Riding lessons for life #12

A Clear Round


A Clear Round

 

 

Last week I took a student to our biggest, most competitive horse show to date.  My student was competing at an international level at a show that had 2500 horses in attendance and 60 in his class alone! To put that into perspective most of the shows we attend locally have 60 people TOTAL! As someone who is fairly young in the business it could have been an intimidating experience. I was coaching my student while standing next to a former Gold Medalist coaching his students that were in the same class as my rider! Now I have not yet achieved Olympic stature and my student’s horse was not an imported European Warmblood.  But we found out that it doesn’t really matter.  After my student would do his round, I’d watch the other riders in his class compete.  Oh of course there would be the beautiful, really fancy high end horses and riders, but I’d have to smile when a fat backyard looking pony and a determined little girl would grit their teeth and do just as well as the big boys! It doesn’t matter where you’ve come from, with determination, hard work, and daily practice you can jump just as high as anyone else!

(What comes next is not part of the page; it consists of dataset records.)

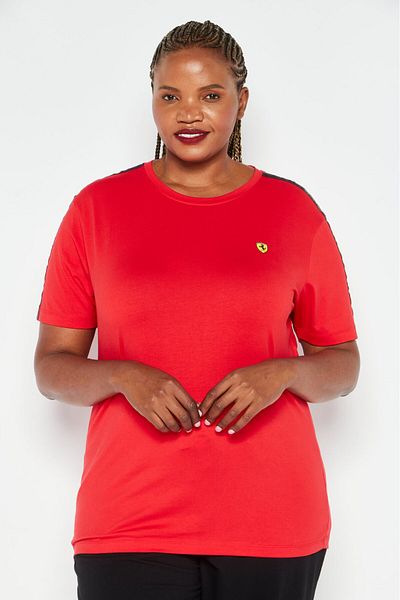 Scuderia Ferrari Women Slim Fit Outdoor Short Sleeve T-Shirt, Red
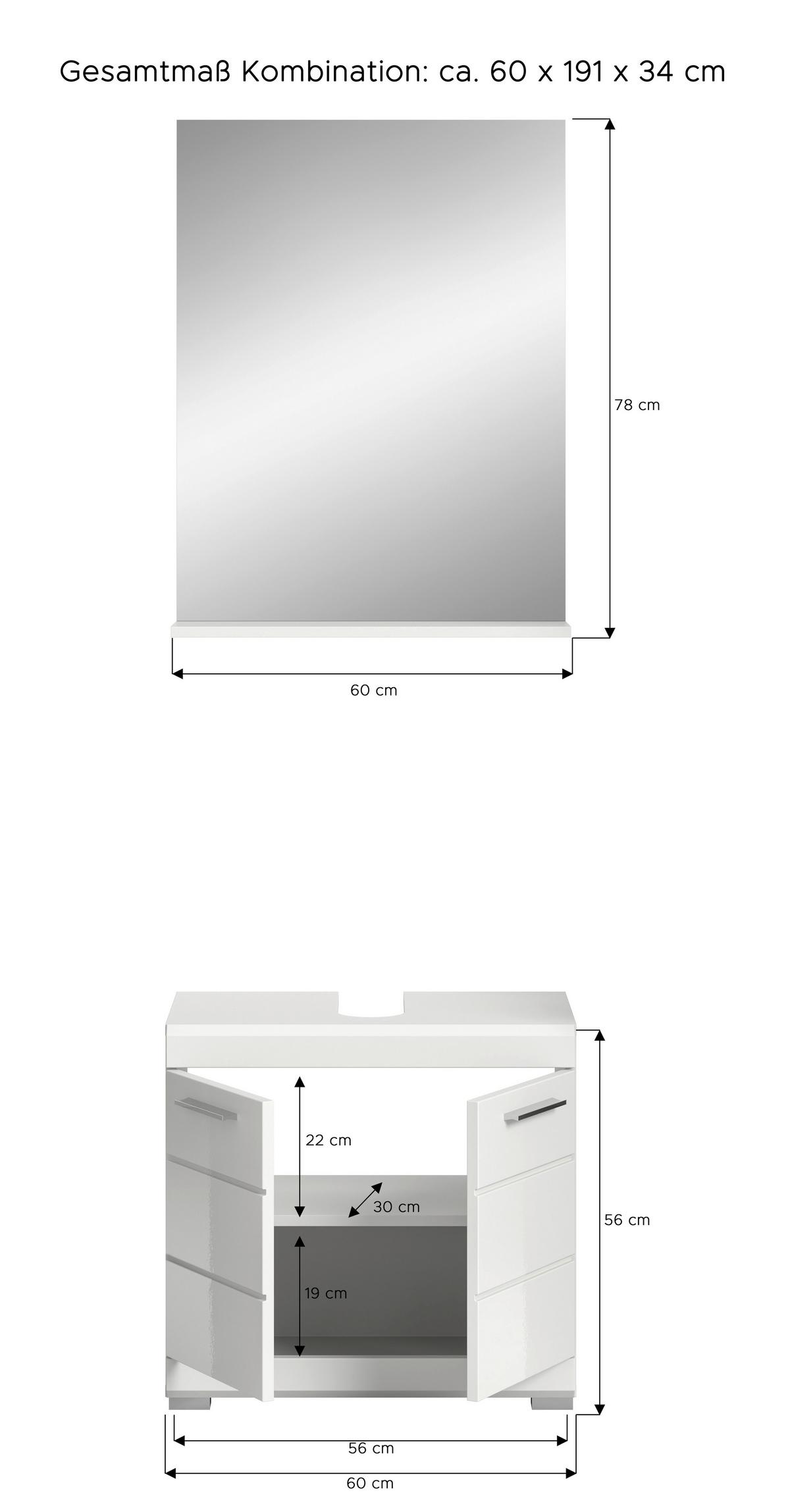 Badezimmer Scout Weiß B: 60 Cm - Weiß Hochglanz/Silberfarben, MODERN, Glas/Holzwerkstoff (60cm) - MID.YOU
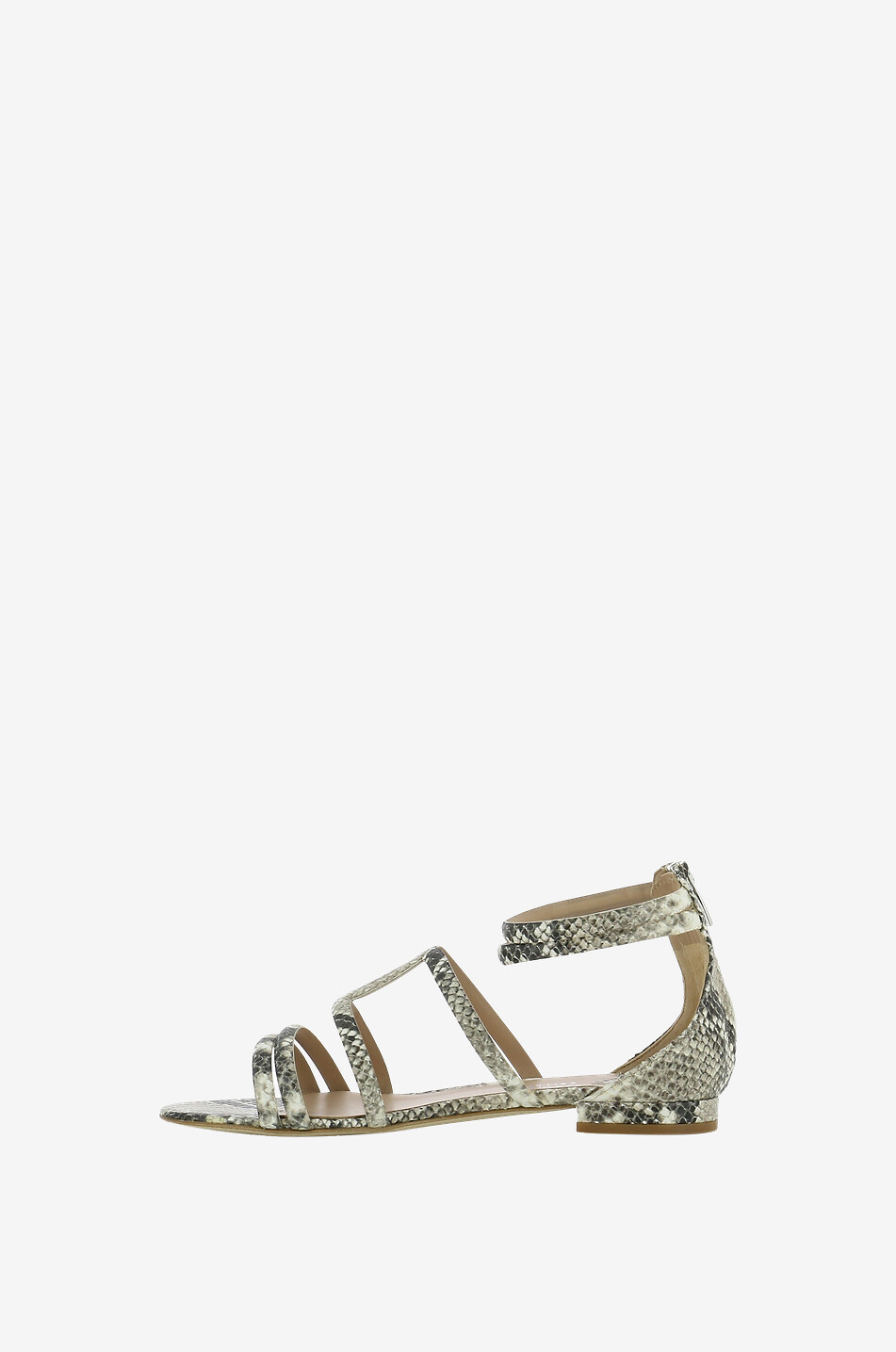 BONGENIE Flat python effect leather sandals Women BEIGE 3
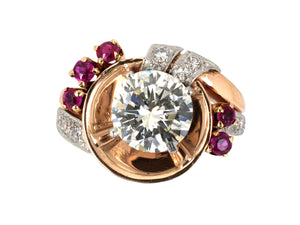 95174 - SOLD - Retro Platinum Diamond Ruby Cocktail Ring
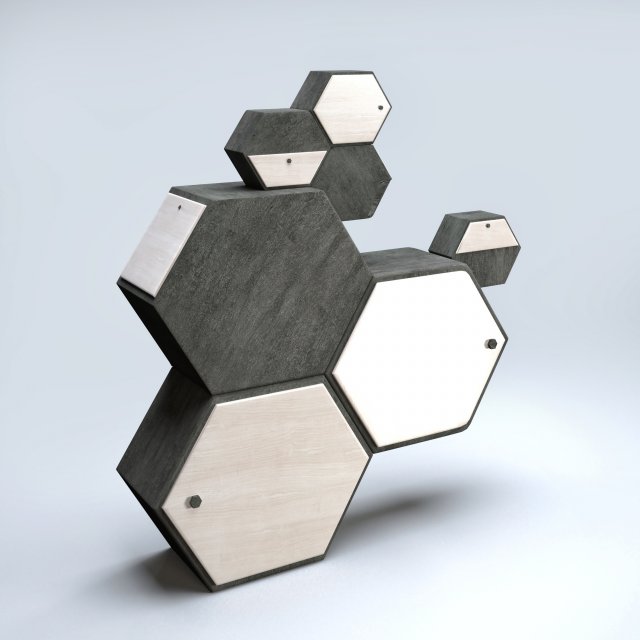 honeycomb cabinet 3D Model .c4d .max .obj .3ds .fbx .stl .blend 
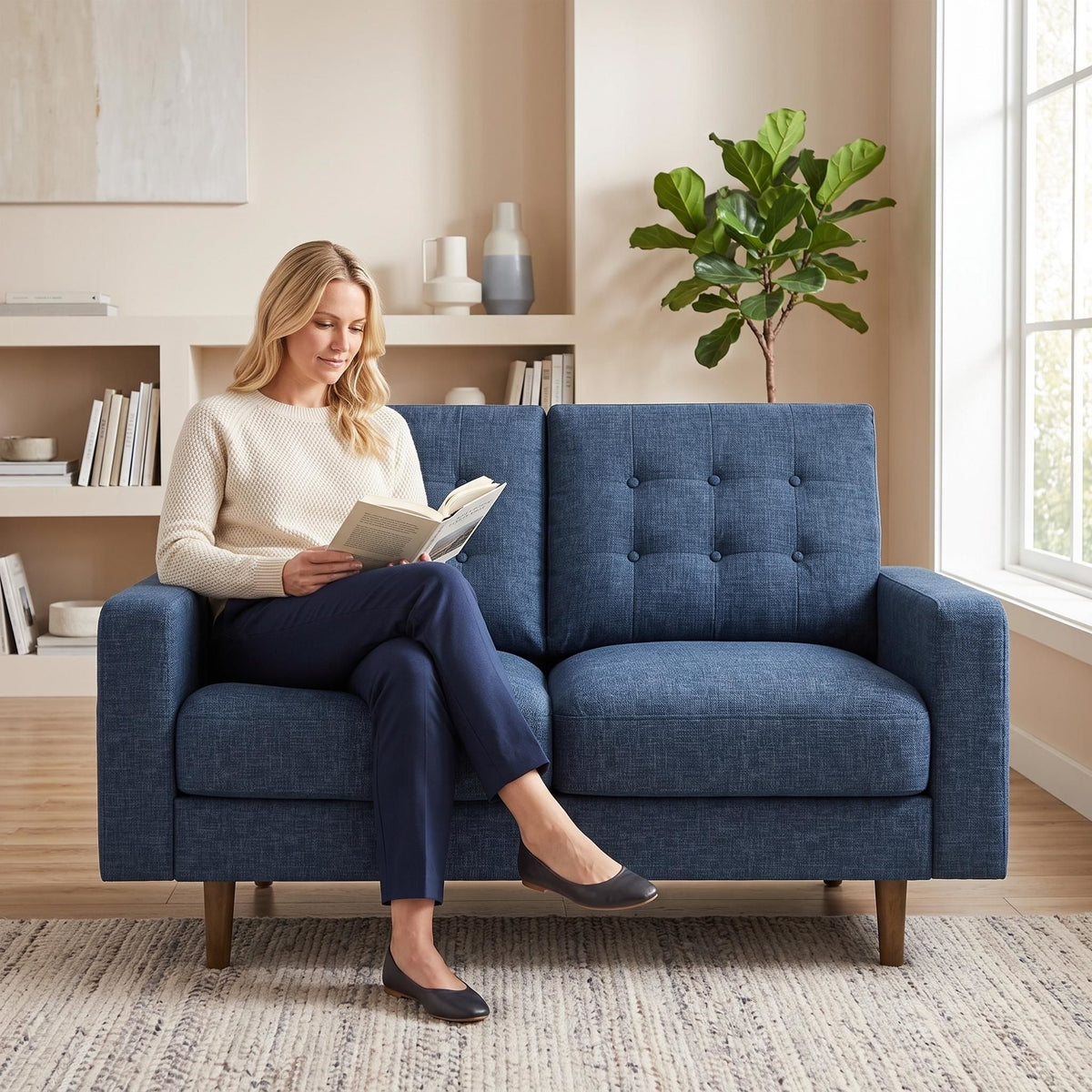 3 Seat Sofa Couch With Tufted Back Upholstered Couch For Living Room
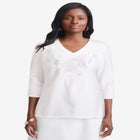 Stretch Cotton Embroidered Tee image number null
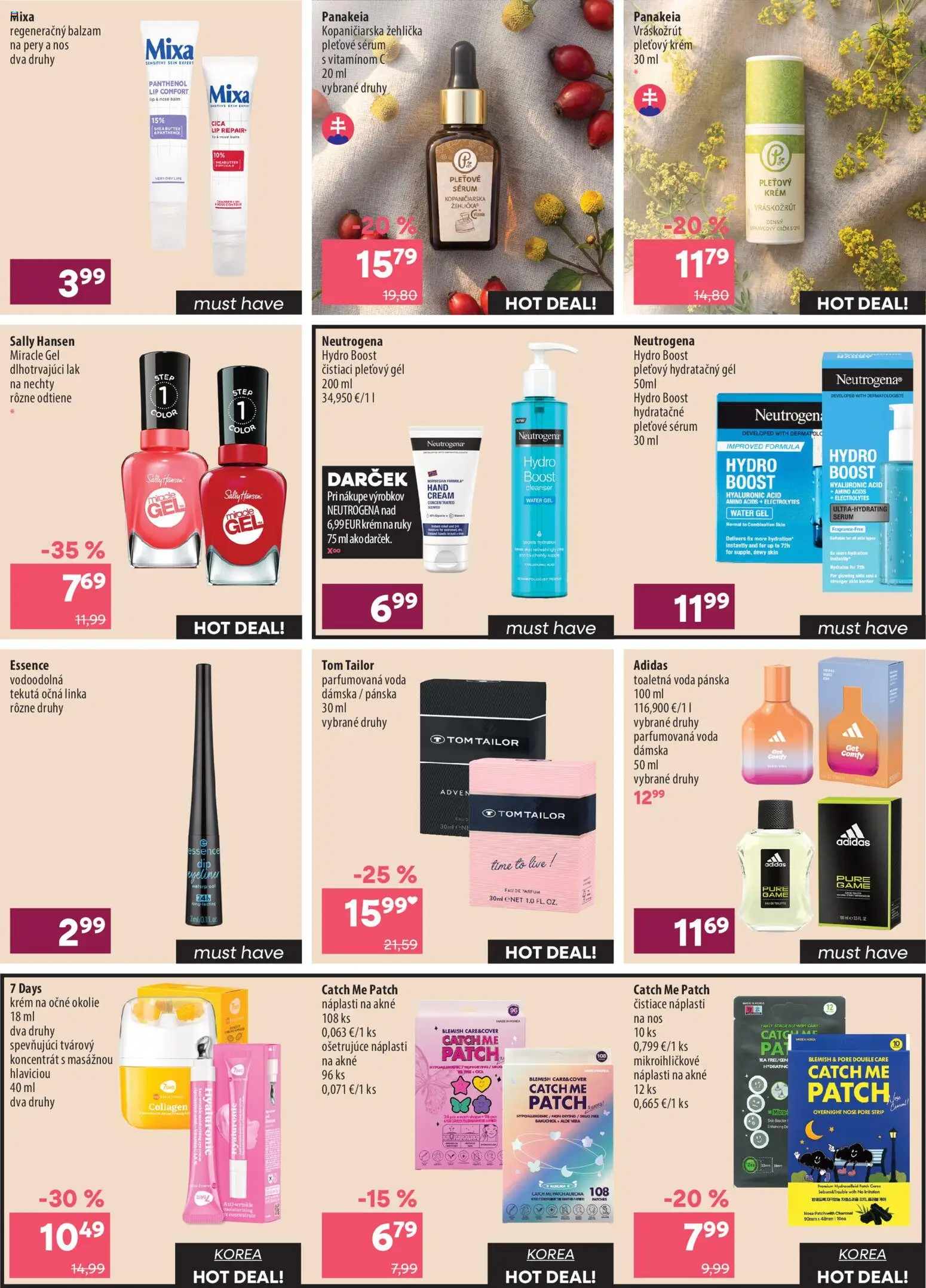Náhľad 101 drogerie letáku platného od 09.09.2026 - Adidas, Voda, PC, Žehlička, Krém, Toaletná voda, Krém na ruky, Očná linka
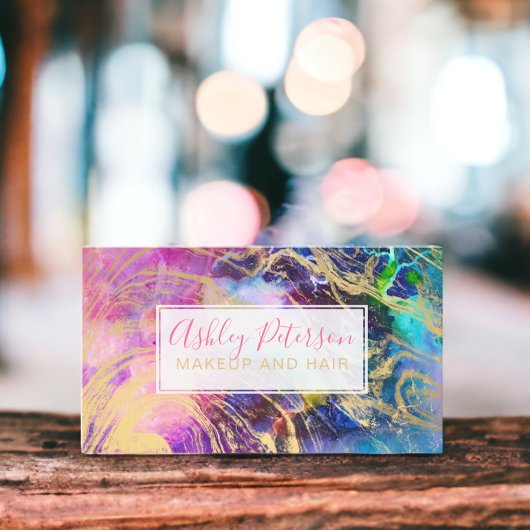 ネブラ金ゴールド大理石ヘアメイクアップタイポグラフィ 名刺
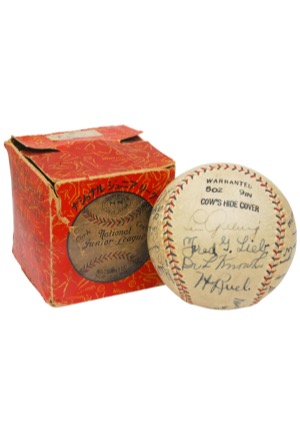 1931 United States All-Stars Tour of Japan Multi-Signed Baseball with Lou Gehrig (Full JSA • Finest Known Example • 8 Hall of Famers)
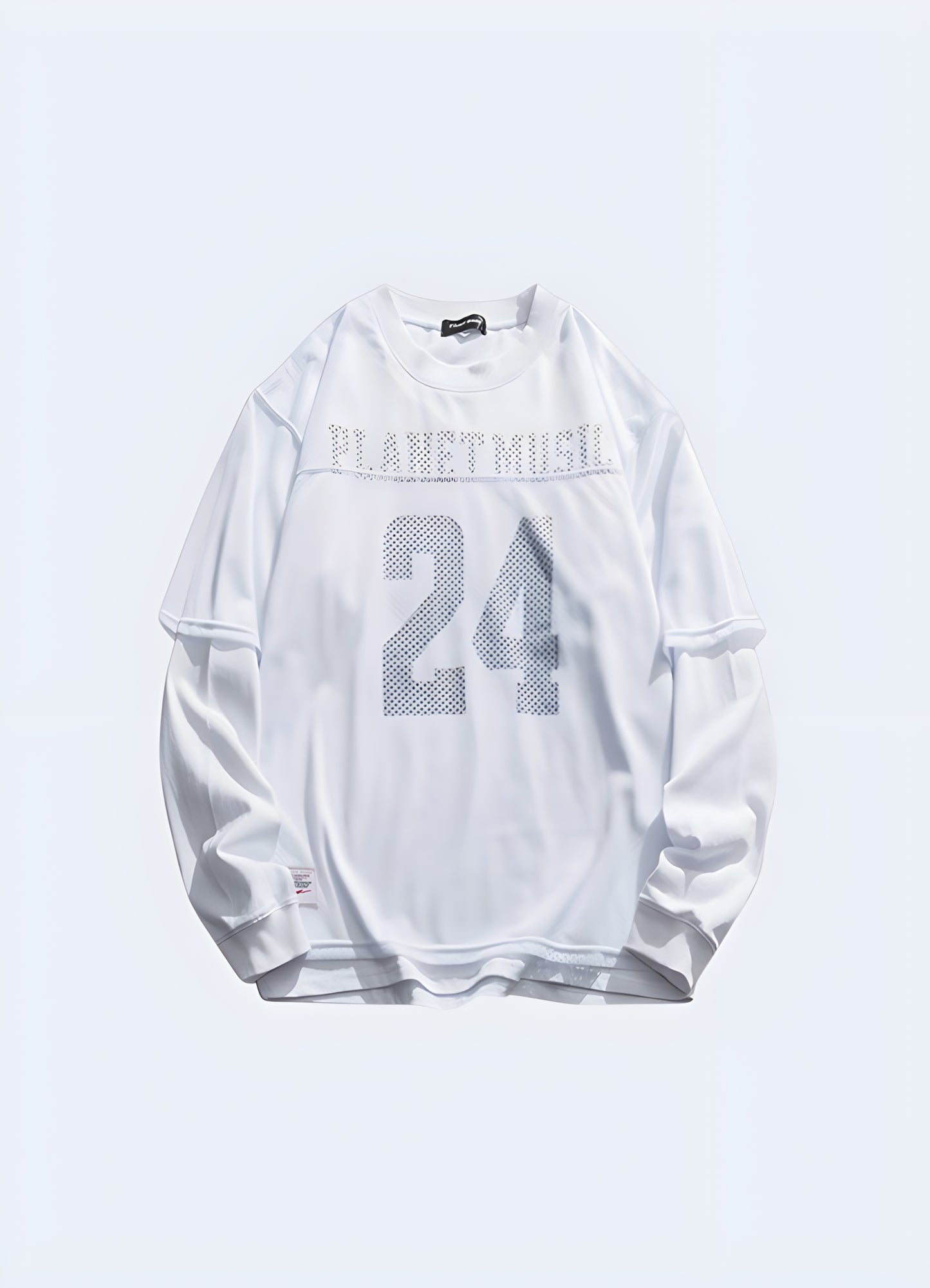 Front view of a white techwear jersey, blending minimalist design with high functionality. Ideal for fashion-forward individuals seeking versatility.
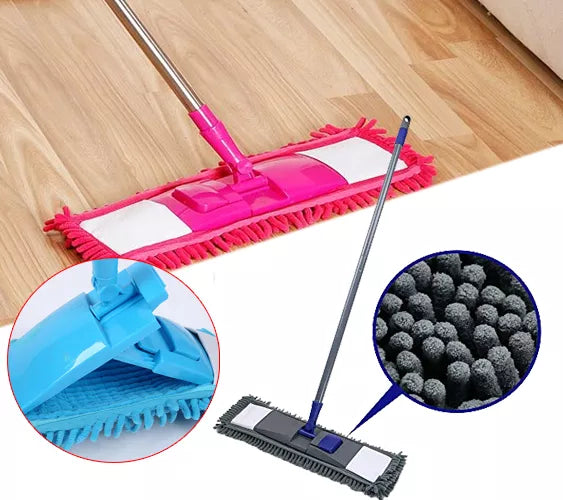 Spin floor mop with adjustable long steel handle, chenille pad dust mop head replacement spin mop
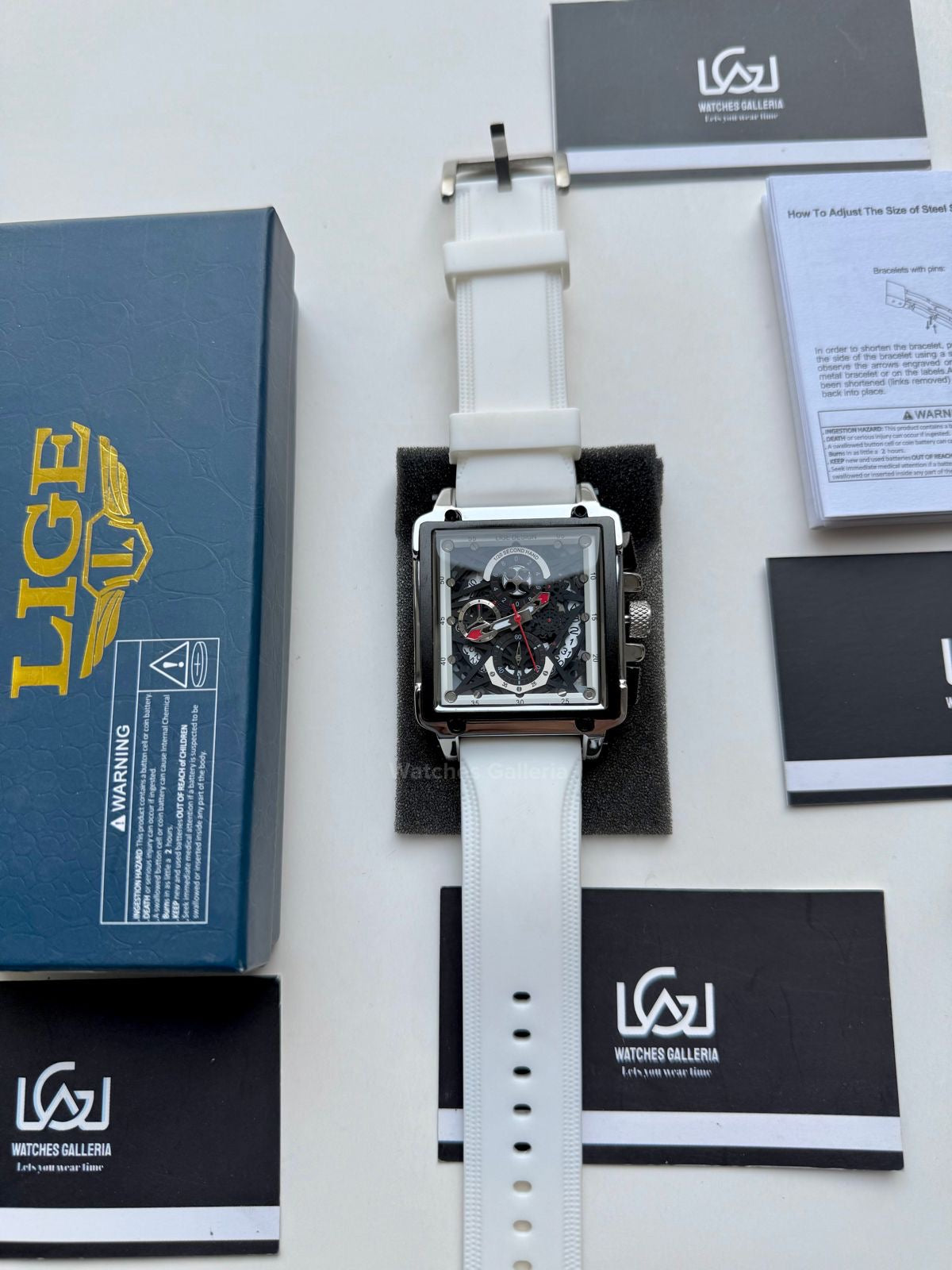 Lige Watch LG8935 Square Chronograph (Silver/White) Lige Watch Pakistan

This all made me think about the excuses people use in life that keep them static.  People will use excuses in order to explain away why they haven’t gotten as far as someone in life.   I am not convinced  things like that matter.  The world is loaded with examples of people who “came from nothing,” had a terrible family situation, or even a physical disability and achieved great things. This is because these people had a vision they were passionate about and they had the tenacity to stick with it, even when there were bumps in the road.  If there is something in life you really want to accomplish or achieve, you first need to let all your excuses of why you CAN’T do it go.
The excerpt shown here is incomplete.